* [Instructions for the task]:
Could you please output all of the data exactly, without the images?

* [Provided material]:
==============================

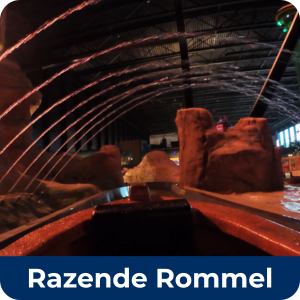 bommelwereld attractie razende rommel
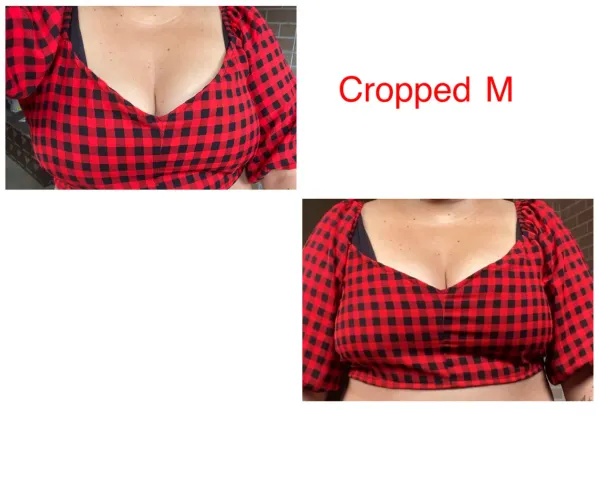 Crooped M lindo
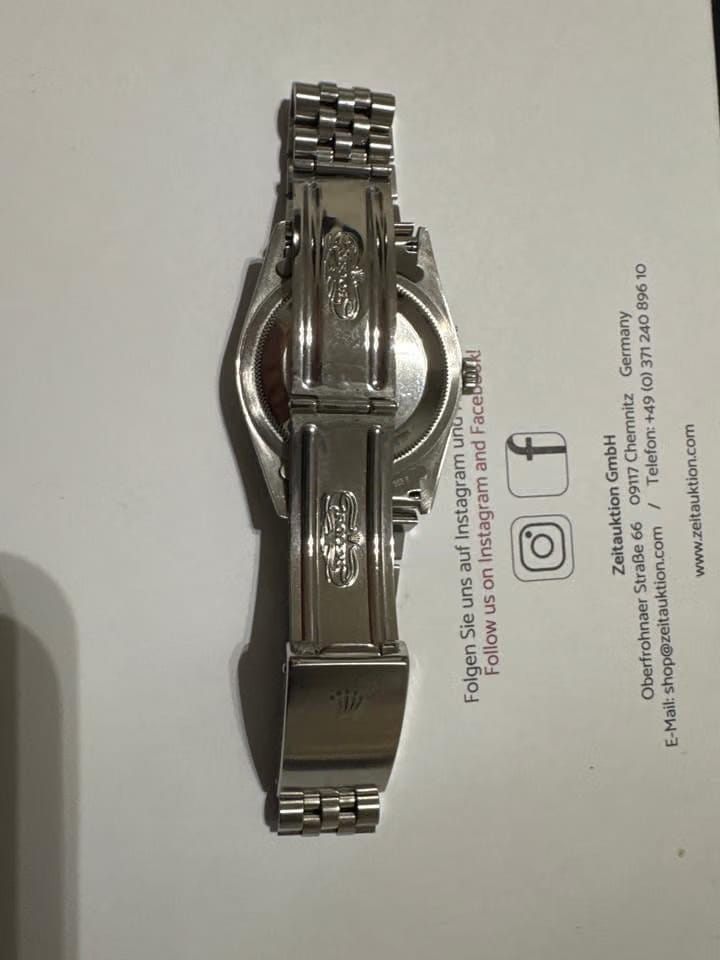 Rolex | Datejust | 16620 | Steel | 36 mm | Steel | White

==============================

* [Problem solution]:
 bommelwereld attractie razende rommel
 Crooped M lindo
 Rolex | Datejust | 16620 | Steel | 36 mm | Steel | White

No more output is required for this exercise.